▶ [Assigned task] Give the entries below again, word for word, and leave out the images.

▶ [Record set]
==============================
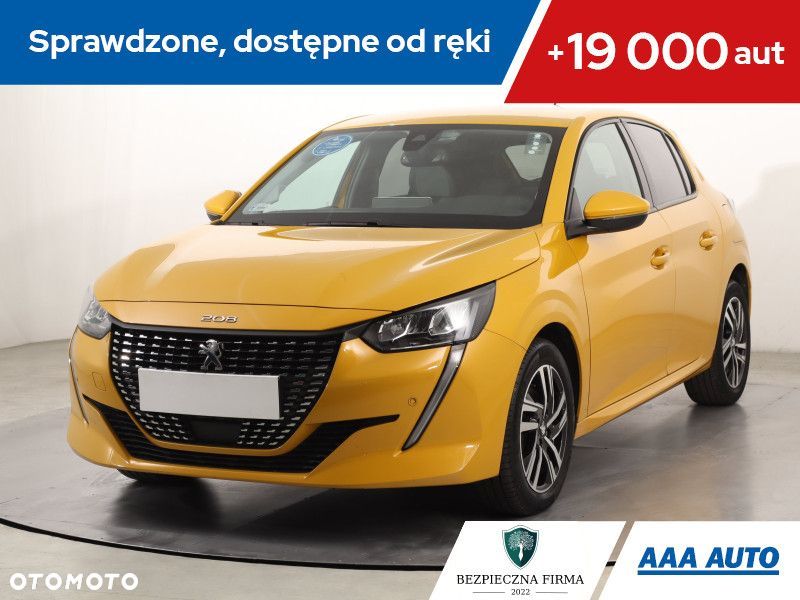 Peugeot 208 - 2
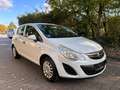 Opel Corsa Selection,Klima,Servo,TÜV,110tkm,2011, Weiß - thumbnail 2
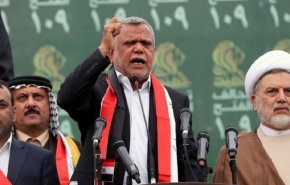 العامري: لوضع حد للاعتداءات التركية على حرمة الأراضي والأجواء العراقية
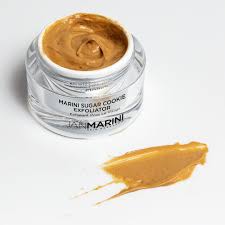 Sugar Cookie Exfoliator- Limited Edition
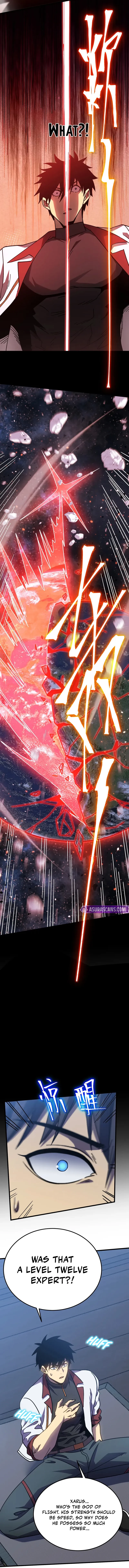 Leveling In The Future Chap 233 - Next Chap 234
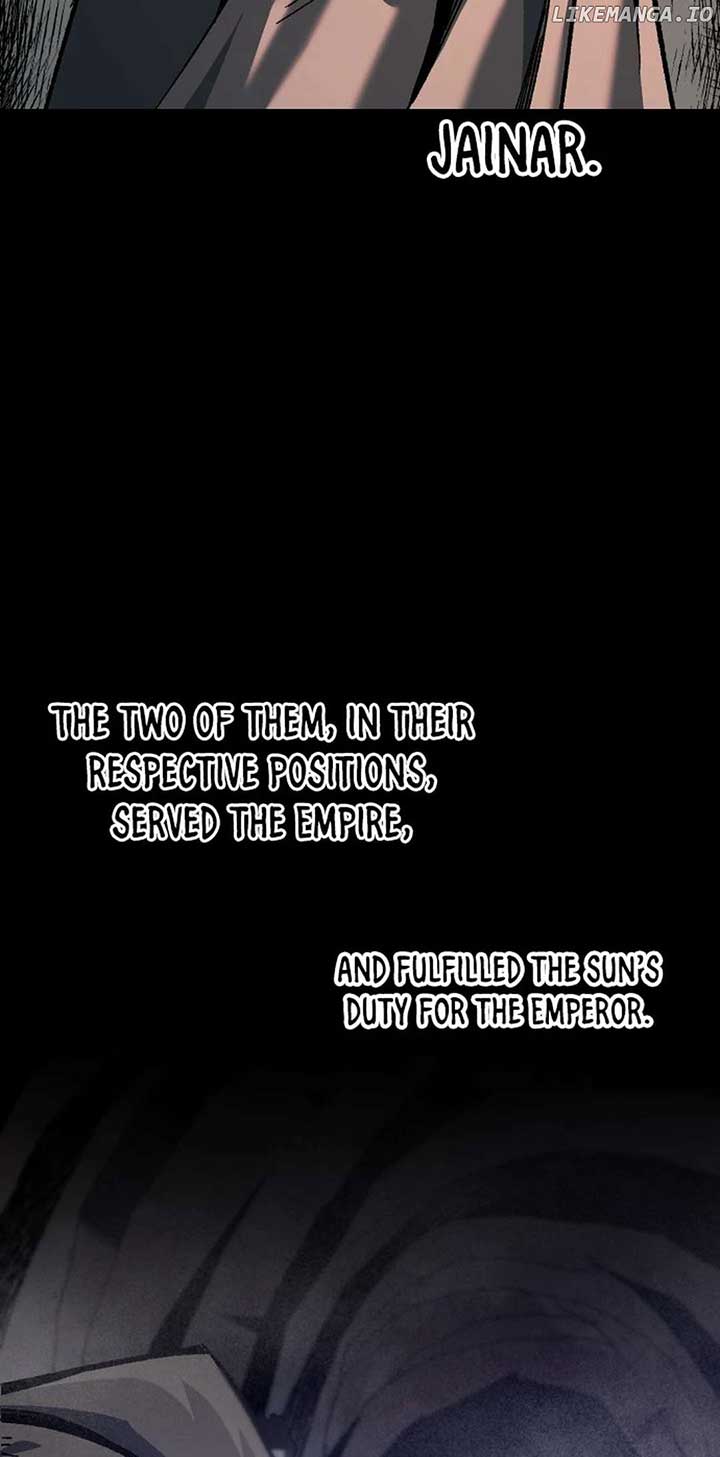 Lantern Of The Dawn Chapter 46 - Page 23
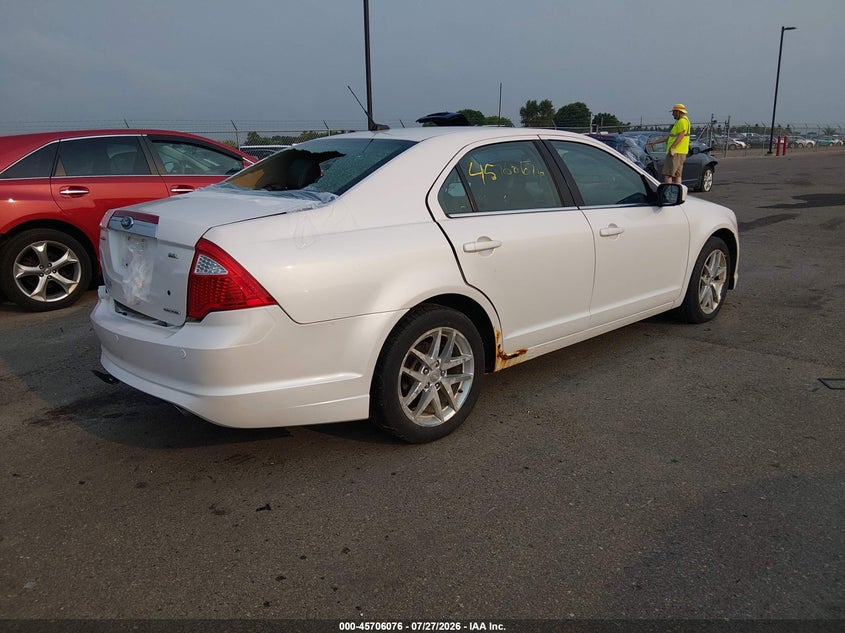 Vin: 3fahp0jg7cr259380, lot: 46204732, ford fusion sel 20124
==============================
▶ [Expected answer]
 Peugeot 208 - 2
 Opel Corsa Selection,Klima,Servo,TÜV,110tkm,2011, Weiß - thumbnail 2
 العامري: لوضع حد للاعتداءات التركية على حرمة الأراضي والأجواء العراقية
 Sugar Cookie Exfoliator- Limited Edition
 Leveling In The Future Chap 233 - Next Chap 234
 Lantern Of The Dawn Chapter 46 - Page 23
 Vin: 3fahp0jg7cr259380, lot: 46204732, ford fusion sel 20124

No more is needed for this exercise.